En la infancia estamos completamente abiertes al mundo, nuestra vulnerabilidad es palpable y es conforme crecemos que nos vamos cerrando, ya que tememos y nos protegemos del dolor. Así como las costillas protegen nuestro corazón, el ser humano desarrolla mecanismos de defensa para proteger nuestras partes más blandas y dolorosas: nuestros miedos, inseguridades, experiencias difíciles… con tal de no ir desangrándonos emocionalmente por la vida.  

El malestar nos conecta con la cualidad de ser vulnerables: son momentos en que atravesamos sensaciones de dolor emocional y/o físico. Si alguna vez has sentido esto sabrás que tendemos a rechazarlo y que, queramos o no, esa vivencia de verme vulnerable no es totalmente independiente del mundo en que vivimos.

Por que, ¿cómo habitamos la vivencia de ser vulnerables en la adultez? ¿Es un lugar cómodo o me incomoda tanto que huyo de él todo lo que puedo? ¿Dejo que los mecanismos de defensa actúen automáticamente cuando siento algo desagradable? ¿Me doy cuenta de mis estrategias?

Podemos afirmar que por lo general no accedemos directamente a la vivencia de dolernos, no exploramos ese sentir con una actitud abierta y de curiosidad, acogiendo sus sensaciones. No sentimos ni nos entregamos al dolor con los brazos abiertos, más bien solemos huir de esta posición, incluso la tememos, deseamos que termine el dolor cuanto antes y detestamos vernos débiles y frágiles. Nos incomoda tremendamente dolernos, porque claro ¡duele!

Además, asociamos esta cualidad a palabras como debilidad e inferioridad, ideas introyectadas tanto social como familiarmente y que hacen que nos alejemos de esta parte tan nuestra. Teniendo en cuenta que construimos el mundo con significados propios, actuamos en base a lo que las palabras nos definen. Construimos el rechazo hacia la vulnerabilidad en base a lo que nos han dicho sobre ella, ya que si me digo que soy vulnerable ¿qué quiero decir? ¿Soy débil?, ¿Cualquiera puede hacerme daño en cualquier momento?, ¿Habito una condición de fragilidad que me incomoda, aunque sea propia del ser humano?

El problemático imaginario colectivo

El imaginario colectivo ha creado una especie de márketing sobre las emociones: la alegría hay que explotarla en miles de actividades, estímulos, viajes, objetos… y esta caza de experiencias harán nuestra vida plena. Las emociones que injustamente se han leído como negativas han recibido la peor parte: la tristeza, la ira, el miedo se han convertido en lo inaceptable y algo tabú, que es mejor mantener invisibilizado, en la sombra, para así ahorrarnos su incomodidad.

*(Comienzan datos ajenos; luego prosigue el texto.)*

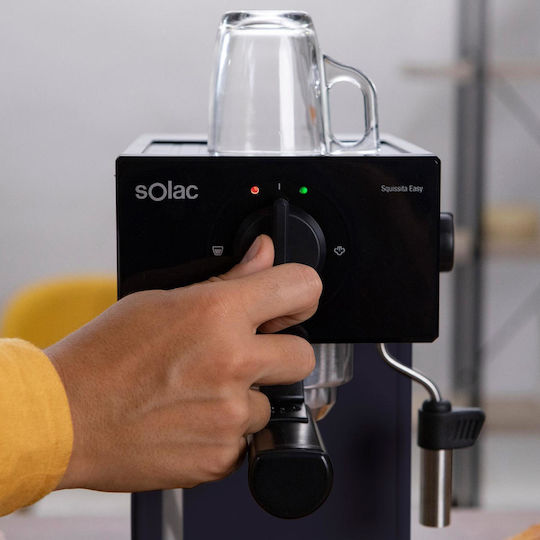 Solac CE4502 Squissita Easy Automatic Espresso Machine 1050W Pressure 20bar Graphite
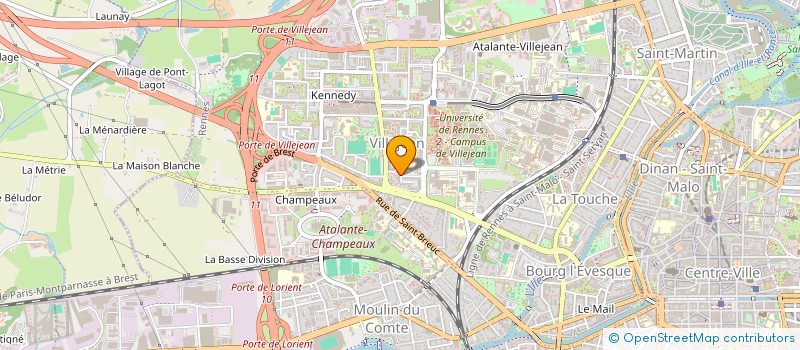 localisation de l'entreprise ASS RECHERCHE INNOVATION ALCOOLOGIE à RENNES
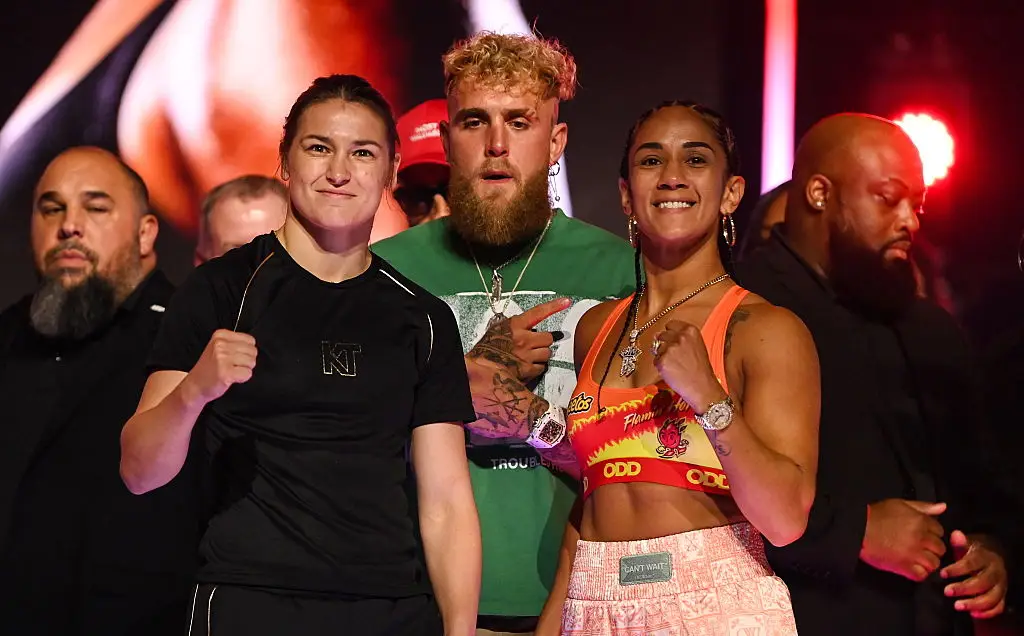 Jake Paul has been major involved in women's boxing in recent years. (Image: Stephen McCarthy/Sportsfile via Getty Images)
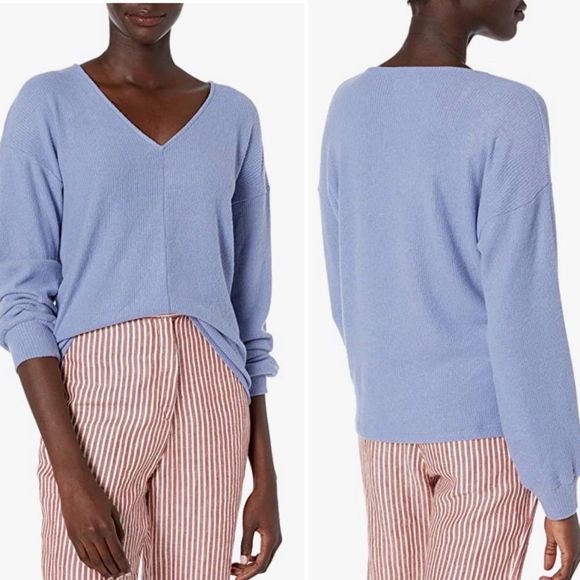 Lucky Brand Sweaters - LUCKY Brand Women's Ribbed V-Neck Cloud Jersey Top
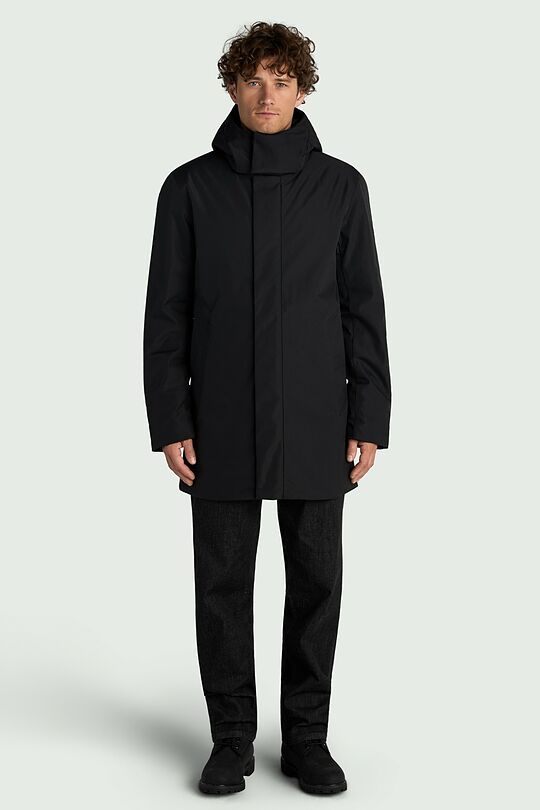 Elongated jacket with synthetic insulation 3 | BLACK | Audimas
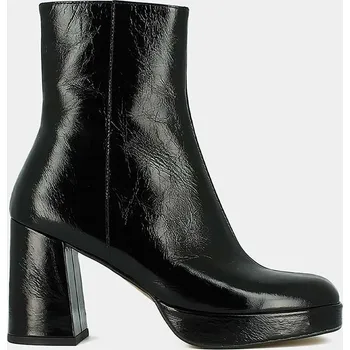 Dámské kozačky Kožené kotníkové boty Jonak VORIS CUIR BRILLANT 3300088 černá 99X, EUR 40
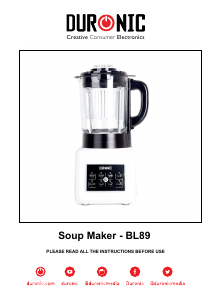Bruksanvisning Duronic BL89 Blender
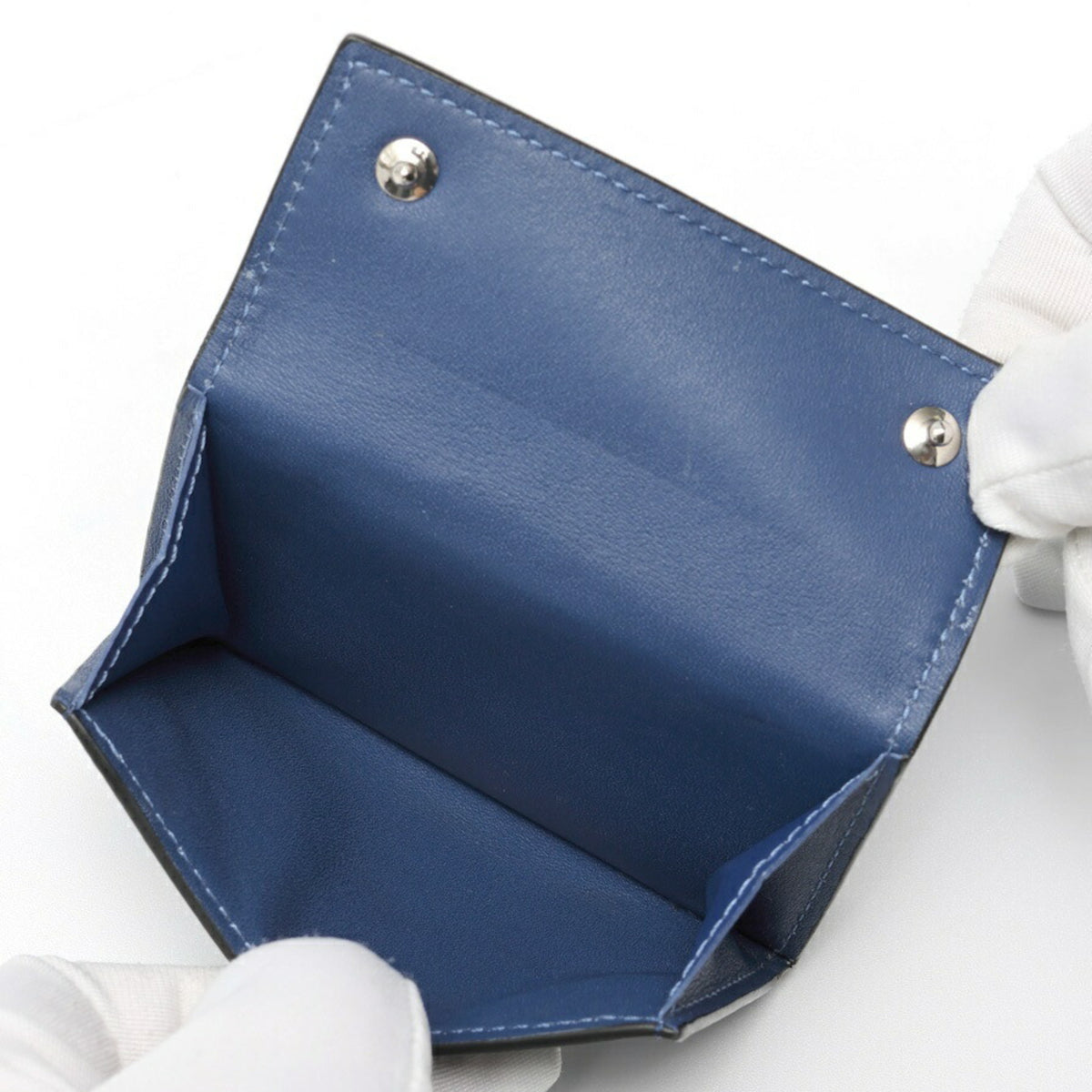 Louis Vuitton Blue Taigarama Wallet (Tri-Fold) (Pre-Owned)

Huxley lo caracterizó en su libro “un mundo feliz” en una sociedad donde el malestar estaba tan mal visto que cada vez que alguien experimentaba cualquier tipo de crisis existencialista, la obligación moral era drogarse con SOMA para volver a ese estado ficticio y anestesiado de felicidad impuesta. Ciencia ficción que no es tan ficción.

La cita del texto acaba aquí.